Management of oral habits includes behavioral modification of the child, incorporation of various habit-breaking appliances, and patient and parent education. This helps mitigate permanent adverse effects, promotes proper orofacial development, and prevents the future need for complicated orthodontic treatment. The usual appliances used for the management of tongue thrust are tongue cribs [78].
Orofacial myofunctional therapy (OMT) in the management of oral habits involves the functional training of maxillofacial muscles, especially targeting oral and oropharyngeal muscles. OMT improves muscle tonicity and endurance along with increased coordination between the pharynx and the surrounding area [79]. Clinical studies on OMT have demonstrated beneficial outcomes in swallowing, tongue positioning, and muscle dysfunction [80,81]. Recently, Froggy Mouth, a new myofunctional approach, was tested in 370 patients with atypical swallowing habits. It was found to be effective in correcting oral habits from both clinical and functional perspectives [82]. Another appliance that can be used for the cessation of habits, occlusal guidance, and training of muscle function is the prefabricated myofunctional appliance (Myobrace); it is particularly useful in developing Class II Division 1 malocclusion [83].

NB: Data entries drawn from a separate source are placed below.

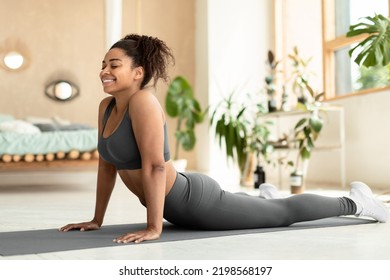 Working Out At Home. Fit Black Lady Stretching, Doing Cobra Exercise Or Standing In Upward-facing Dog Posture On Fitness Mat, Wearing Sportswear, Copy Space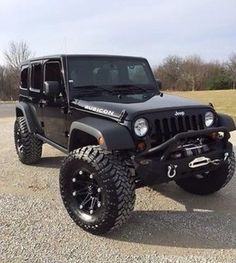 a black jeep is parked in the gravel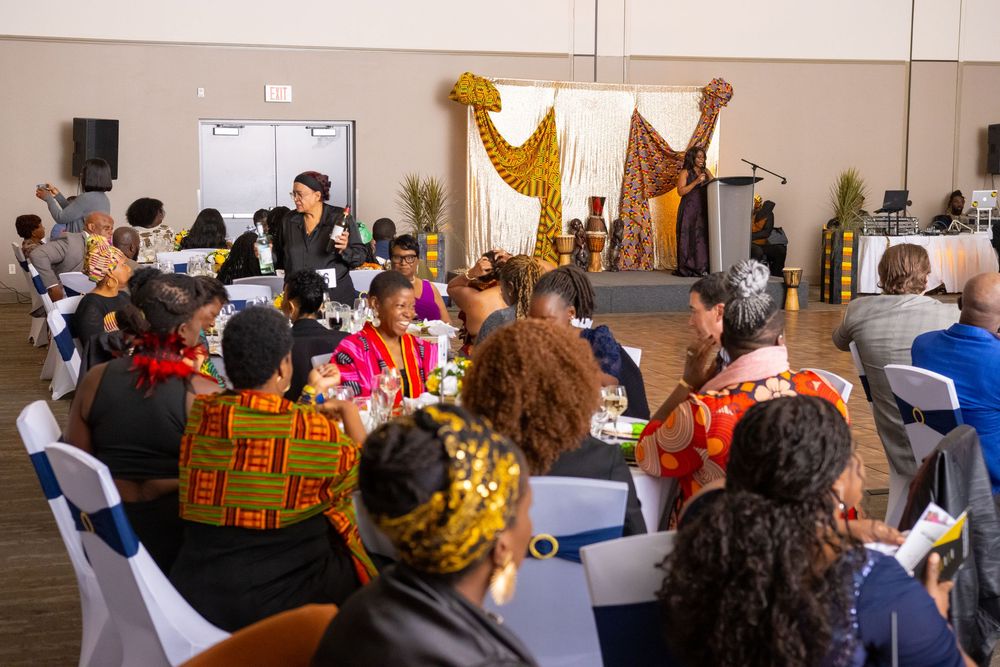 Guests in colorful African attire gather at a festive banquet hall event with decorative stage backdrop.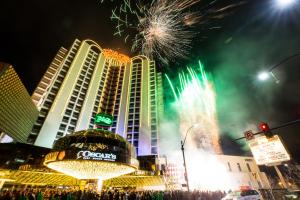 a firework display in front of a building with fireworks at Plaza Hotel & Casino in Las Vegas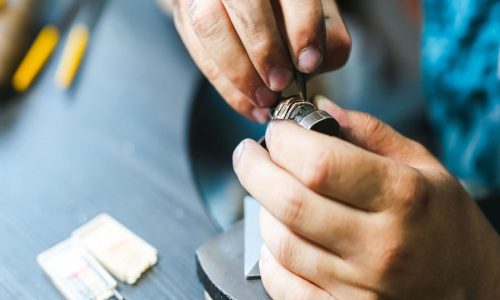 sertisseur tiend dans ses mains une bague dans laquelle il sertis des diamants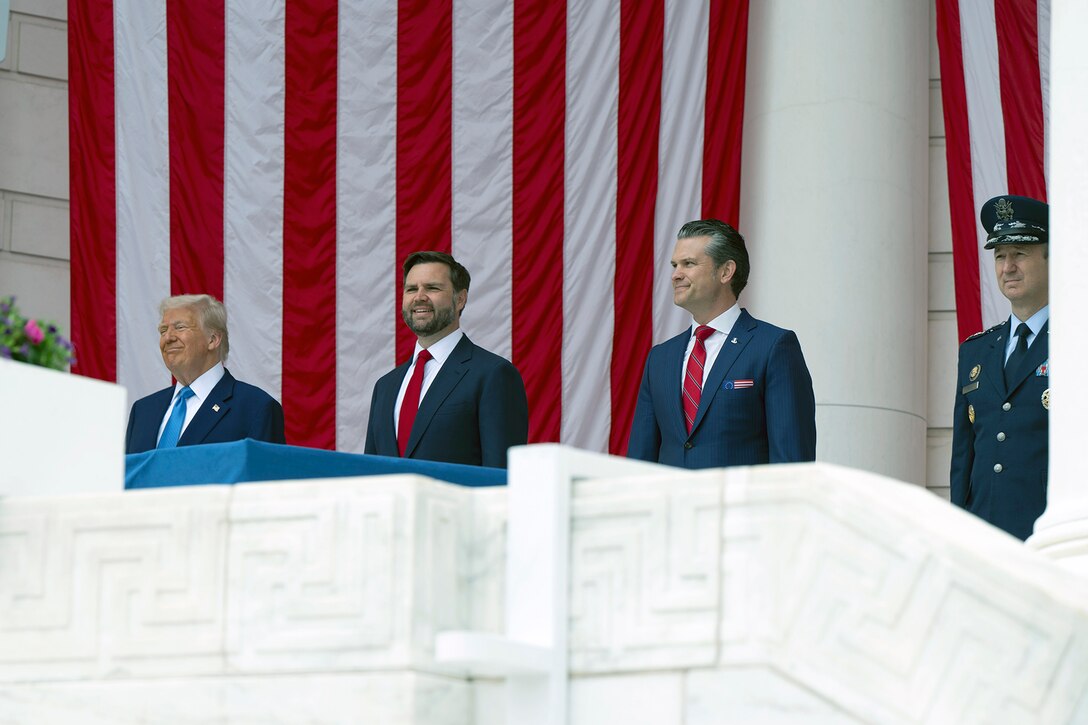 Nation's leaders smile while standing in front of an American flag.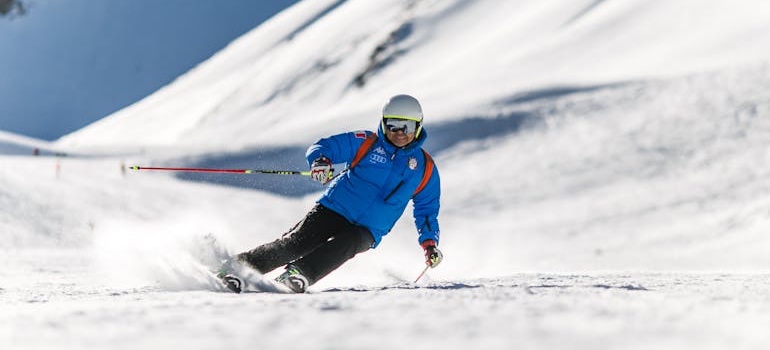 A skier going down a snowy mountain slope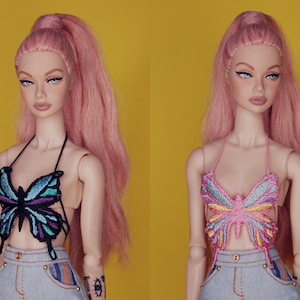 May include: Two dolls with pink hair wearing halter tops with butterfly embroidery. One top is blue and green, the other is pink and yellow. Both dolls are wearing denim shorts.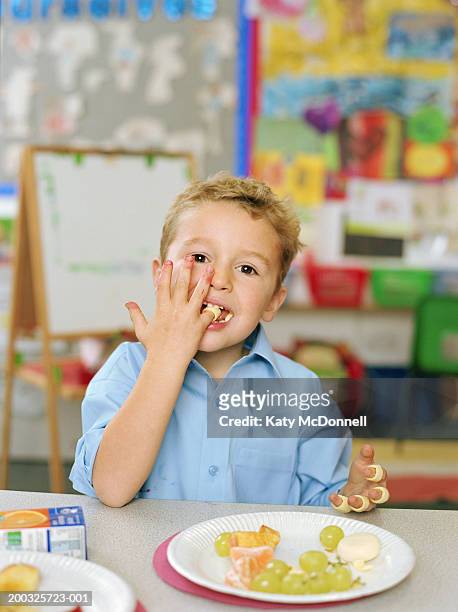 schoolboy (4-6) eating at table, wearing crisps on fingers, portrait - paper plate 個照片及圖片檔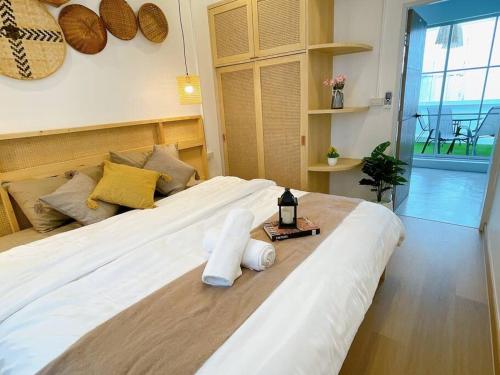 a large white bed with a bottle of wine on it at Relax Private terrace&cozy BR,near Grand palace in Bangkok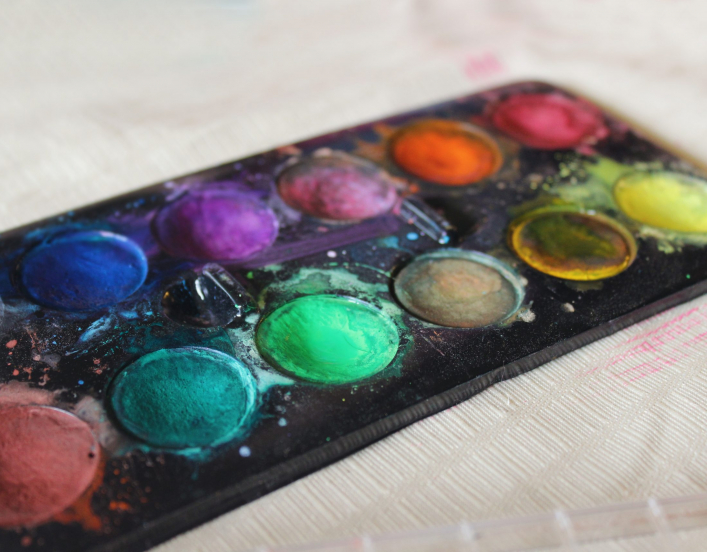 palette of paint (photo by Jen Theodore for Unsplash)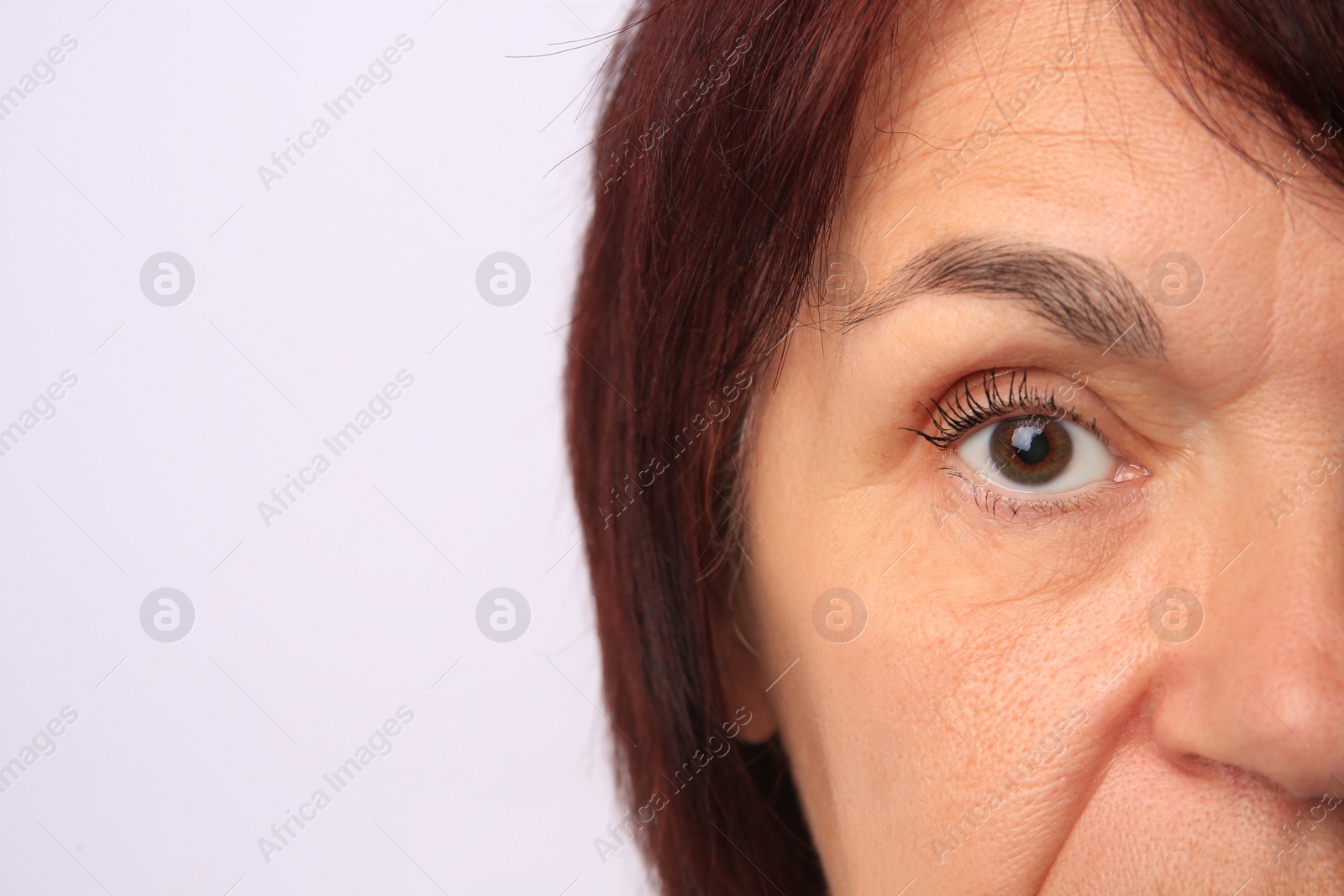 Photo of Skin care. Senior woman on white background, closeup. Space for text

Abnormal oral habits such as thumb sucking and tongue thrusting can lead to malocclusions if not intercepted early. Management strategies include behavioral modification, habit-breaking appliances, and myofunctional therapy to promote proper orofacial development.
Arch Length Discrepancies
Arch length discrepancies, also known as Bolton's discrepancy, include insufficient arch length and crowding or excessive arch length and spacing [84]. Several factors contribute to arch length discrepancies. Genetic factors primarily include the size of the jaw bases, craniofacial deformities, congenitally missing teeth, or supernumerary teeth [85]. Environmental factors include early or delayed exfoliation of deciduous teeth, caries, ectopic eruptions, and abnormal oral habits [85]. If arch length discrepancies are effectively managed with early diagnosis and intervention, it can prevent the development of more severe malocclusions in permanent dentition and help establish functional and aesthetically pleasing dentition.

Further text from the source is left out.